## Instructions for the task
Gather from the material every line that contains the string "profile".

## Provided data
╔══
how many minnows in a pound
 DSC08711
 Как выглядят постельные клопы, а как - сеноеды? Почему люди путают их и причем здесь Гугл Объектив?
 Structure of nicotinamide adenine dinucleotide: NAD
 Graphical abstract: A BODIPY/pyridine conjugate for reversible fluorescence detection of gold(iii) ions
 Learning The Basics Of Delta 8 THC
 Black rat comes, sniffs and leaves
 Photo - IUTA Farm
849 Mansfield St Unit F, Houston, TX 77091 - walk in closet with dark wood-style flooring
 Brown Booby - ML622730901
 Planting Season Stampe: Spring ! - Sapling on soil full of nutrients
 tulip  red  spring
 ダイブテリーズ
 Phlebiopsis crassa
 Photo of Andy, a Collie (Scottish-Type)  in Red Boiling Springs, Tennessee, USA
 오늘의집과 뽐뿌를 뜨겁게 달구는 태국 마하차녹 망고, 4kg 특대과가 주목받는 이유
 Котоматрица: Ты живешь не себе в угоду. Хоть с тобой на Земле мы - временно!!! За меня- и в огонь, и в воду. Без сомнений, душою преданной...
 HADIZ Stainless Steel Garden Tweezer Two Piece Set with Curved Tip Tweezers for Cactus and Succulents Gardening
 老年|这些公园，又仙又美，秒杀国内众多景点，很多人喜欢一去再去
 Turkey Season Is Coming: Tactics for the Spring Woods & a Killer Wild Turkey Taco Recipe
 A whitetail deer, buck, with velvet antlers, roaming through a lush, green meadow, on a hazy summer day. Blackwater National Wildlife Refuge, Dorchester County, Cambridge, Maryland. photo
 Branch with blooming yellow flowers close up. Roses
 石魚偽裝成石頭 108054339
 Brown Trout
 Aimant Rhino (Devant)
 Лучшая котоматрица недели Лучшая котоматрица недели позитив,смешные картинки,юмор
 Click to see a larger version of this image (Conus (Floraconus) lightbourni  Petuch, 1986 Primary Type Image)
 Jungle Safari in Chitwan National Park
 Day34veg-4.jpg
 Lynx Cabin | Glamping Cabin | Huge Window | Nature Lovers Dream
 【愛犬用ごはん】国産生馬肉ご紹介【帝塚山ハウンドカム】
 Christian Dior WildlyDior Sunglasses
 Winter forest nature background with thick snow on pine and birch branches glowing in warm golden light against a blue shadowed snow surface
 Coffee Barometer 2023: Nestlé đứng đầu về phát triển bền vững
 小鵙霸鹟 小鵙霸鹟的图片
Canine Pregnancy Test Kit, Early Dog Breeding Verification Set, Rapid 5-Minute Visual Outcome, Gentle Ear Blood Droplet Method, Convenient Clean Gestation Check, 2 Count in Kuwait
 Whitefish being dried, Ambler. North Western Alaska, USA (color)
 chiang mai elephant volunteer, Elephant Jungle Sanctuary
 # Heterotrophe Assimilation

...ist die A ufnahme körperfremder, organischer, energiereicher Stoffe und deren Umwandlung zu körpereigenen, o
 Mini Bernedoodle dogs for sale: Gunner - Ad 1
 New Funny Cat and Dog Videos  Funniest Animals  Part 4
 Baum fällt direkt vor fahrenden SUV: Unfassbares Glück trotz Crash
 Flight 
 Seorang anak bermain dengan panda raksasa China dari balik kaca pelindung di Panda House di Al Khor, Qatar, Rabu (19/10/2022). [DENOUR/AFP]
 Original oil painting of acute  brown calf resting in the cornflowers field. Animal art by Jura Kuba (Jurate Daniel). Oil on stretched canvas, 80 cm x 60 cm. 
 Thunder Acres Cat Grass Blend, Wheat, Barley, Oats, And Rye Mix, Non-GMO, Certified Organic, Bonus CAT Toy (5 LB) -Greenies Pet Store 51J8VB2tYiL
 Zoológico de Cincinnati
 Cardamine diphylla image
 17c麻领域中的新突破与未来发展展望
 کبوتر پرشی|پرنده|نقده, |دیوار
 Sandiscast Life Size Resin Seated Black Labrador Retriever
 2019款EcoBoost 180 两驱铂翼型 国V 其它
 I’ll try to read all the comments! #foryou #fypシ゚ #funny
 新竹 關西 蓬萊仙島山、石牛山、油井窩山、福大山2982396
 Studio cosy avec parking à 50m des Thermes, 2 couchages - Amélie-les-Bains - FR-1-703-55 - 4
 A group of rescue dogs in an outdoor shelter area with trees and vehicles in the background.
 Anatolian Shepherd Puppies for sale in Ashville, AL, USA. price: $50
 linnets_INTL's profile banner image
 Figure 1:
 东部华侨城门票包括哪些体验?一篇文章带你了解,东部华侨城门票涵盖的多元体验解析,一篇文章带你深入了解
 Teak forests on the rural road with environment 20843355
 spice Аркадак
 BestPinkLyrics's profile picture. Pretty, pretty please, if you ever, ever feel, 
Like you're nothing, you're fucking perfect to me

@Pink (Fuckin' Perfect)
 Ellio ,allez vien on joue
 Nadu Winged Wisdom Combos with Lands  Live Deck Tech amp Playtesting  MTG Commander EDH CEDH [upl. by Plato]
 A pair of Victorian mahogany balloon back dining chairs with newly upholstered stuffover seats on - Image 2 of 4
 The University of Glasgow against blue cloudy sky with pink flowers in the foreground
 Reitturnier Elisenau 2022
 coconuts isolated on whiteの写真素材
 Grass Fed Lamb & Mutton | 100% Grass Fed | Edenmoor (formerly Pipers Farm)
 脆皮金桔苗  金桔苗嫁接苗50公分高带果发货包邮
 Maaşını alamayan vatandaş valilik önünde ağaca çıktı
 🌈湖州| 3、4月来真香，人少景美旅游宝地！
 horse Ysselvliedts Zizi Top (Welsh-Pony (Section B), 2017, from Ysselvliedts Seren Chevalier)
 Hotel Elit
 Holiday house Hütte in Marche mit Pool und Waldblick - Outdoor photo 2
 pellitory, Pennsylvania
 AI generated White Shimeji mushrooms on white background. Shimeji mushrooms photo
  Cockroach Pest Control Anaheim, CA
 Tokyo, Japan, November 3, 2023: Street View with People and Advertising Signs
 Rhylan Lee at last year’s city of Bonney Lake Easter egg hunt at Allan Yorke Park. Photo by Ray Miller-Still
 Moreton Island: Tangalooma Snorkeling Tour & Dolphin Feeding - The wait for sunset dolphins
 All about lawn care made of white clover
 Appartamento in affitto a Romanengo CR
╚══
## Expected answer
 linnets_INTL's profile banner image
 BestPinkLyrics's profile picture. Pretty, pretty please, if you ever, ever feel, 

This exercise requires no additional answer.